*TASK STATEMENT:*
Would you transcribe the listing that follows word for word, skipping pictures?

*INFORMATION SHOWN:*
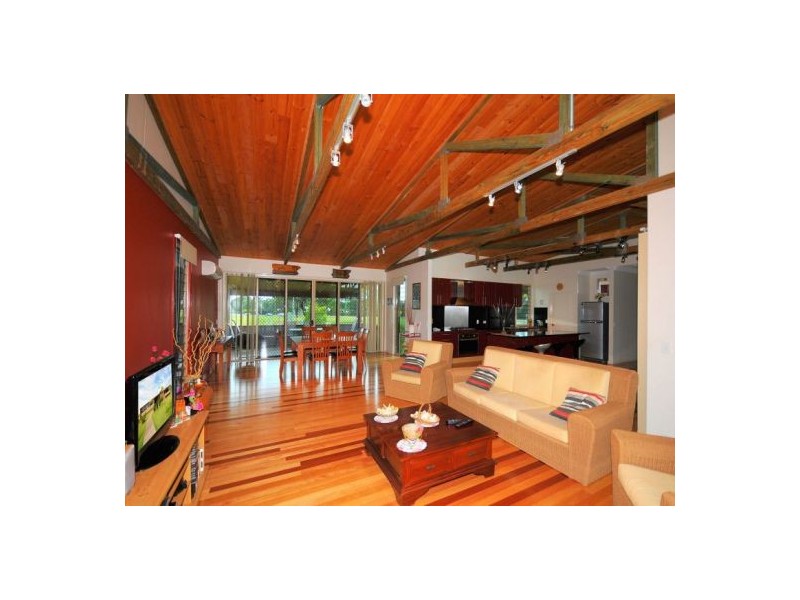 1 Walkers Rd, Urangan QLD 4655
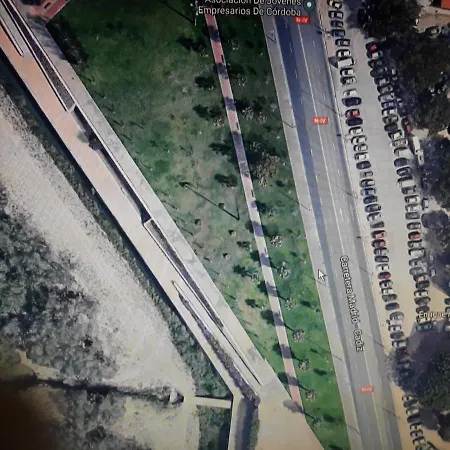 Sleep & Shower In A Typical District Córdoba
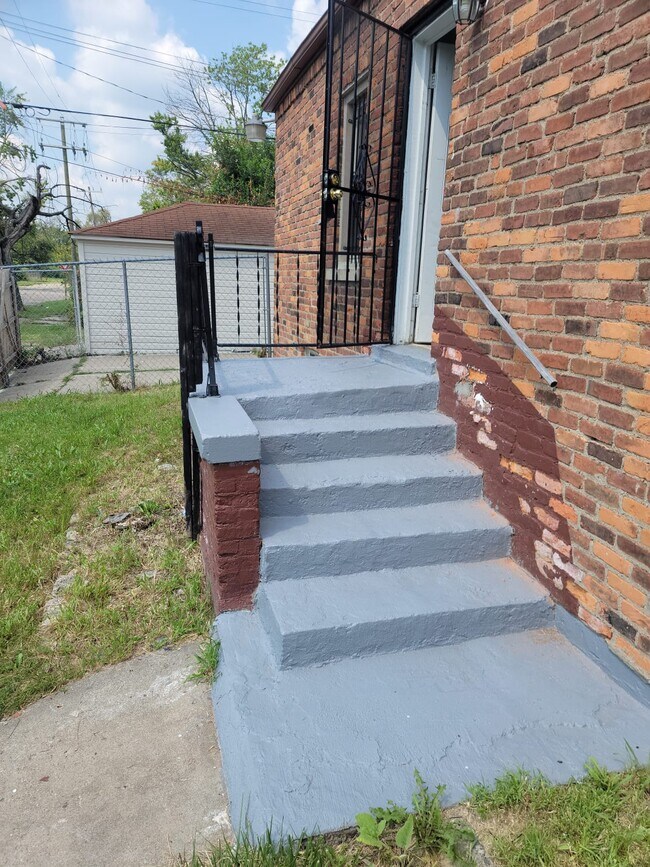 Building Photo - 17303 Murray Hill St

*TASK SOLUTION:*
 1 Walkers Rd, Urangan QLD 4655
 Sleep & Shower In A Typical District Córdoba
 Building Photo - 17303 Murray Hill St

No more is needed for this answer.